In the wake of hunger strikes, public protests and a complaint to the United Nations, California prison officials are gearing up for policy changes expected to dramatically reduce the number of prisoners in solitary lockups.
State prisons chief Matthew Cate announced April 24 that “the department is already projecting a decreased need for segregated housing for gang members and has cancelled the proposed construction of 50 segregated exercise yards for gang members at the California Correctional Institution in Tehachapi.”
Cate said that cancellation saves about $2.9 million.

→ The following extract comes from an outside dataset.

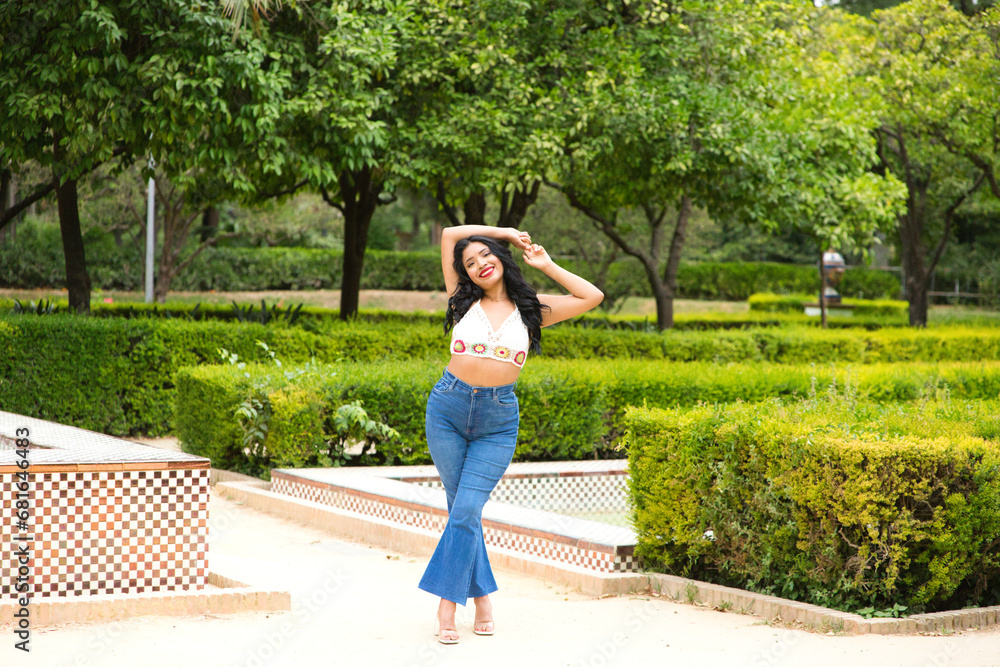 Fototapeta premium Young and beautiful Latin woman from South America walks among the trees and vegetation of the park. The woman is smiling and happy and is posing for photos. Travel and holiday concept.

He said changes “are expected to begin in fiscal year 2012-13.” They include:
• Offer graduated housing and privileges as incentives for positive behavior, and impose consequences for gang-related behaviors;
• Offer a step-down program for inmates to work their way from a restricted program back to a general population setting;
• Provide support and education for inmates seeking to disengage from gangs;
• Employ a weighted point system to enhance the integrity of the gang validation process;
• Use segregated housing only for those gang associates and suspects who engage in additional serious disciplinary behavior; and
• Offer programs designed to promote social values and behaviors in preparation for an inmate’s return to the community.

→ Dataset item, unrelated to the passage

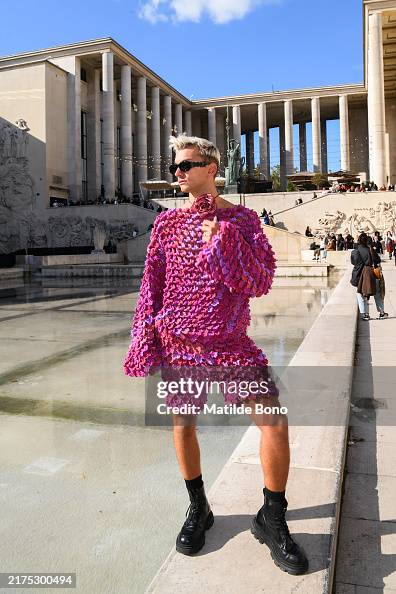 Ash Dimoni Ash Dimoni is wearing black sunglasses, a pink sweater, pink pants ...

“The department manages arguably the most violent and sophisticated criminal gangs in the nation,” Cate said. “The department’s prior prison gang strategy was developed more than 25 years ago and relied primarily on suppression. Tested national models available today utilize a combination of prevention, interdiction, and rehabilitation measures.”

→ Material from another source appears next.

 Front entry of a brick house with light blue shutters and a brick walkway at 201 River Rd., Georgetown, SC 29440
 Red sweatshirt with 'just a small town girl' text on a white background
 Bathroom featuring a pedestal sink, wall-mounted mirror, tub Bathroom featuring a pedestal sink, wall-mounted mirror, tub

On March 20 the Center for Human Rights and Constitutional Law petitioned the United Nation to investigate and urge an end to solitary confinement. The petition came in the wake of 6,000 persons in 13 California prisoners conducting hunger strikes last summer, claiming the practice are “inhumane and torturous,” The Associated Press reported.
The petitioners say California’s solitary confinement policies violate “international rules governing the treatment of prisoners.”
On Feb. 20 the Occupy movement demonstrated outside San Quentin objecting to solitary confinement, among other things.
“Certainly there are a small number of people who for a variety of reasons have to be maintained in a way that they don’t have access to other inmates,” Chase Rioveland, a former head of corrections in Colorado and Washington state, told the New York Times. “But those in most systems are pretty small numbers of people.”
Mississippi corrections commissioner Christopher B. Epps told the New York Times he used to believe difficult inmates should be locked down as tightly as possible, for as long as possible.
But Epps said while he was fighting a lawsuit over prison conditions he changed his views and ordered changes. “If you treat people like animals, that’s exactly the way they’ll behave,” he said.